Scraped caption text data:

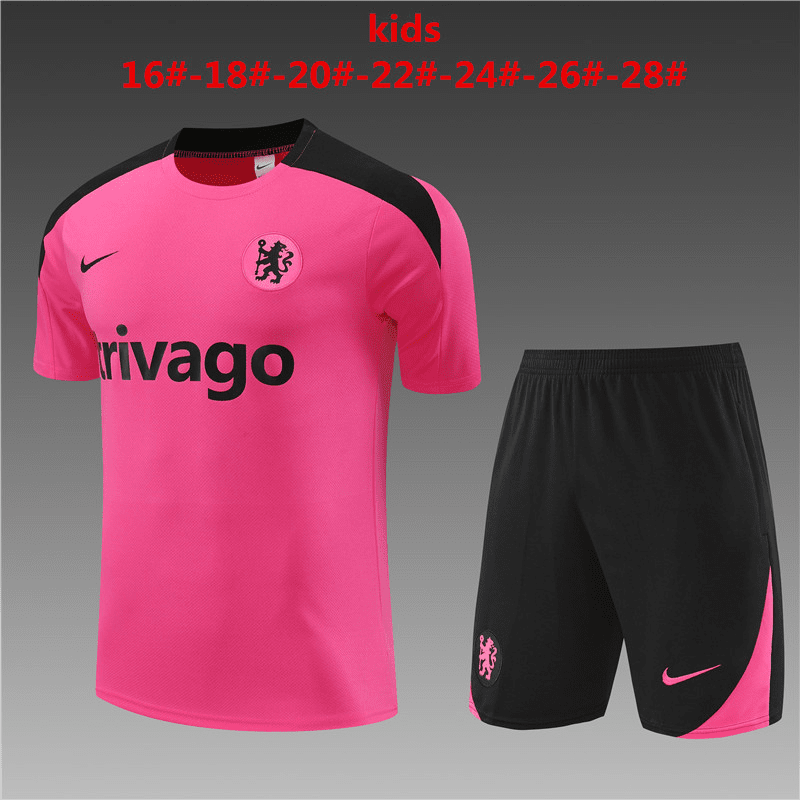 Chelsea 2024-25 Pink Soccer Jerseys + Short Kid's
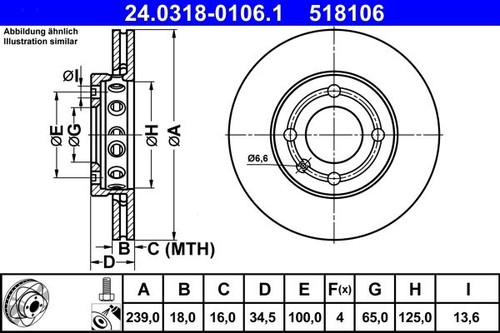 Brake disc ate 0318 0106 - brake,
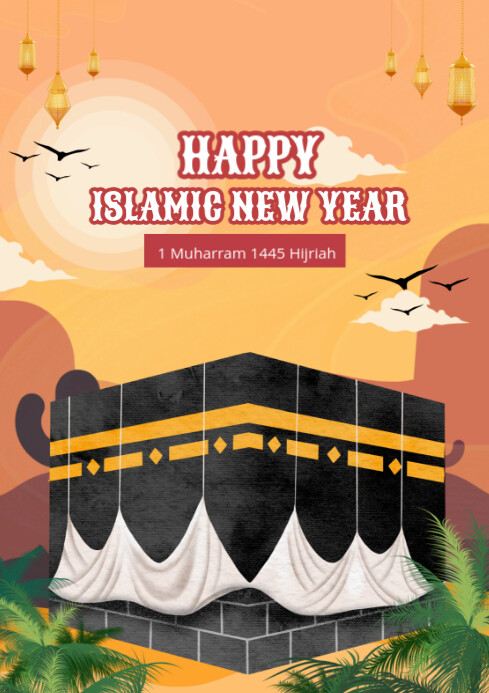 Orange Maximalist Colorful Playful Illustrative Modern Happy Islamic New Year Poster A2 template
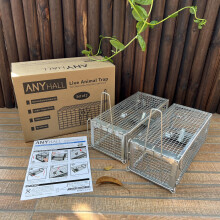 Anyhall 2-Pack Rat Traps Humane Live Mouse Cage Traps (Silver)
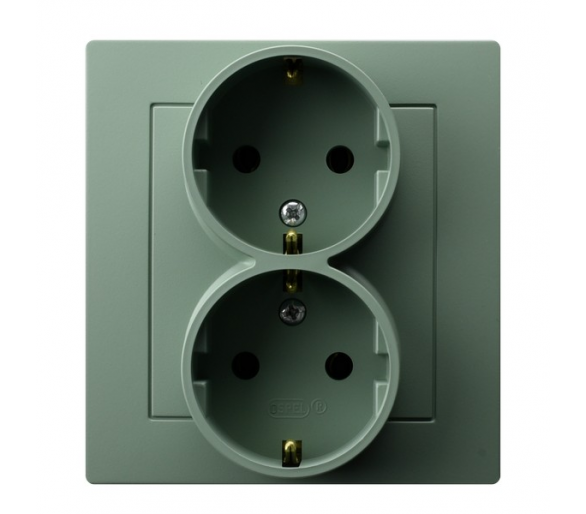 Gniazdo podwójne z uziemieniem schuko kompletne z ramką Zielony mat Ospel As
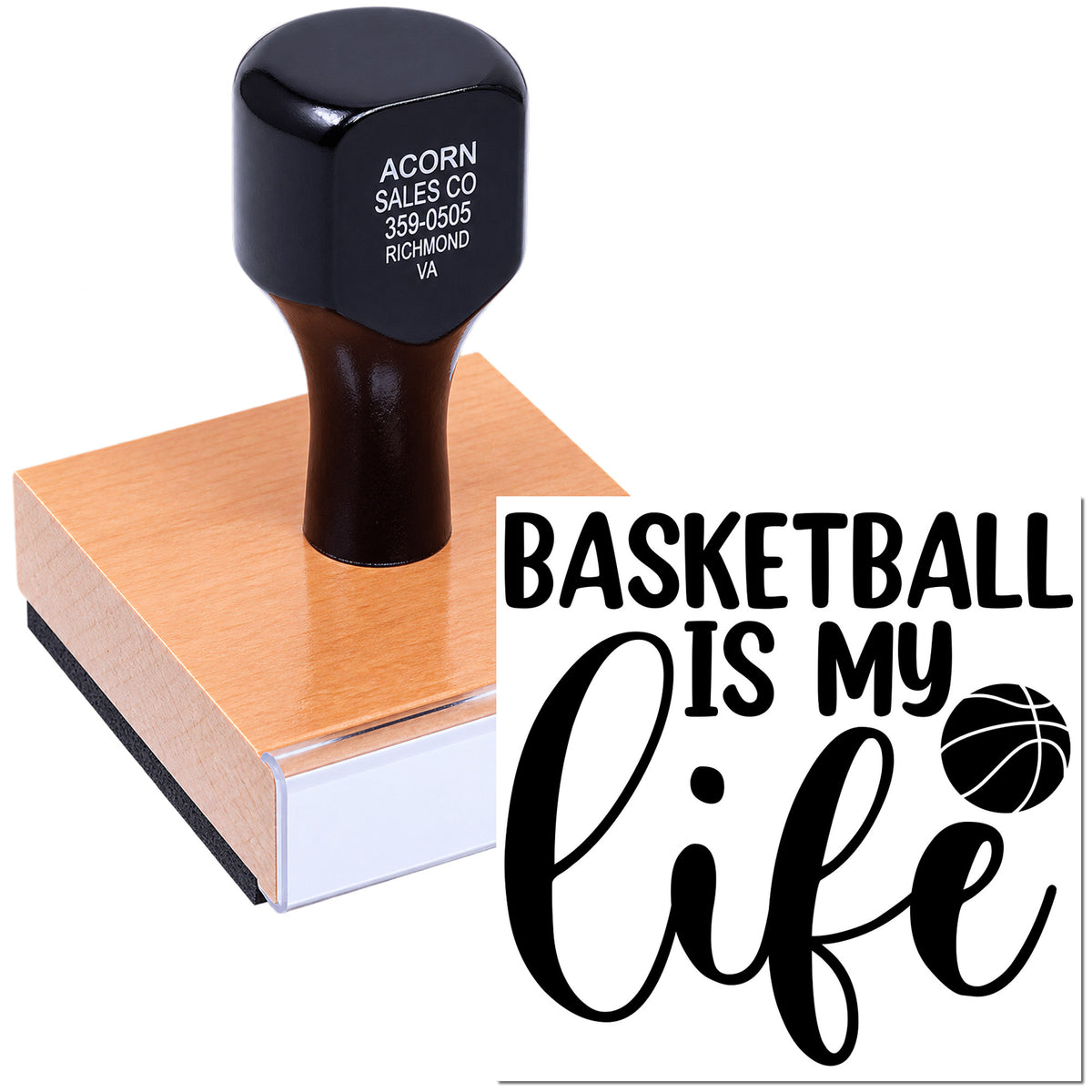 Basketball is my life rubber stamp design for sports fans, team crafts, scrapbooking, and custom stationery.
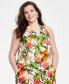 Фото #4 товара Plus Size Linen-Blend Tie-Front Halter Top, Created for Macy's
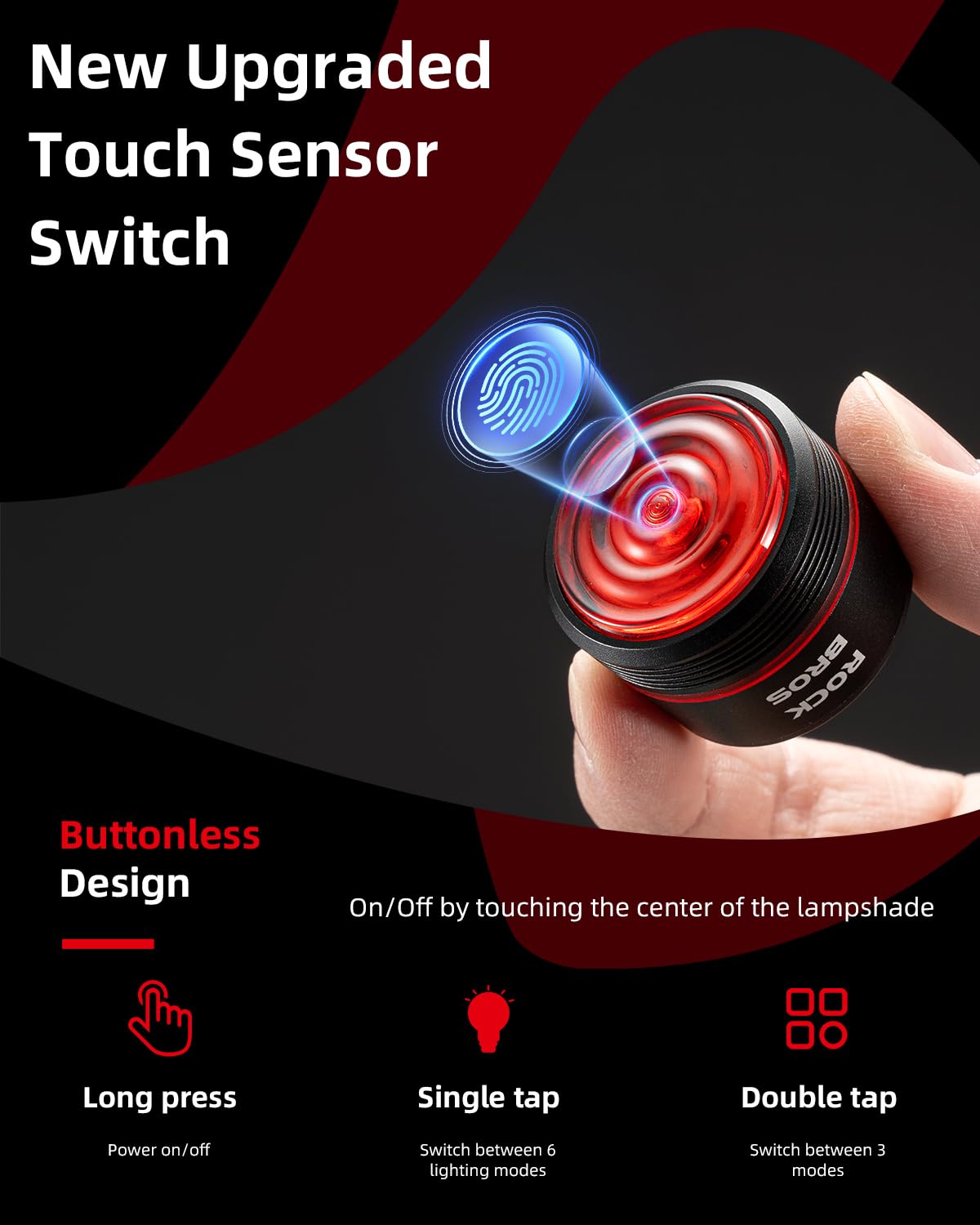 ROCKBROS Smart Brake Sensing Bike Tail Light USB-C IPX6 Waterproof LED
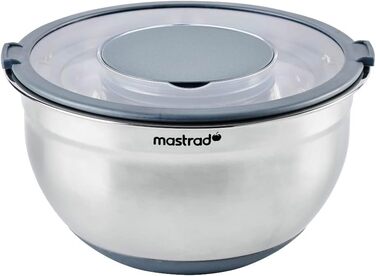 Нержавіюча чаша Mastrad для змішування, випікання та зберігання продуктів з прозорим кришкою та ручками (24 см)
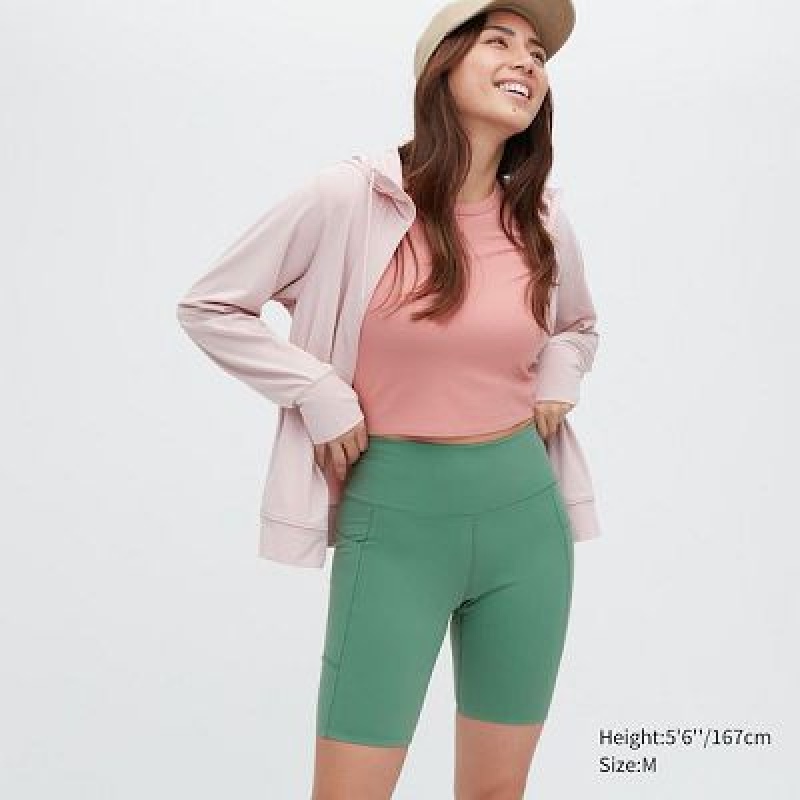 Uniqlo AIRism Soft Pocket Biker Korte Broek Dames Groen | 8164586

▶ What this task involves
Once the line containing "ROCKBROS Smart Brake" is found, it and every line through the end of the records above should be output exactly, with no pictures.

▶ Answer
 ROCKBROS Smart Brake Sensing Bike Tail Light USB-C IPX6 Waterproof LED
 Нержавіюча чаша Mastrad для змішування, випікання та зберігання продуктів з прозорим кришкою та ручками (24 см)
 Uniqlo AIRism Soft Pocket Biker Korte Broek Dames Groen | 8164586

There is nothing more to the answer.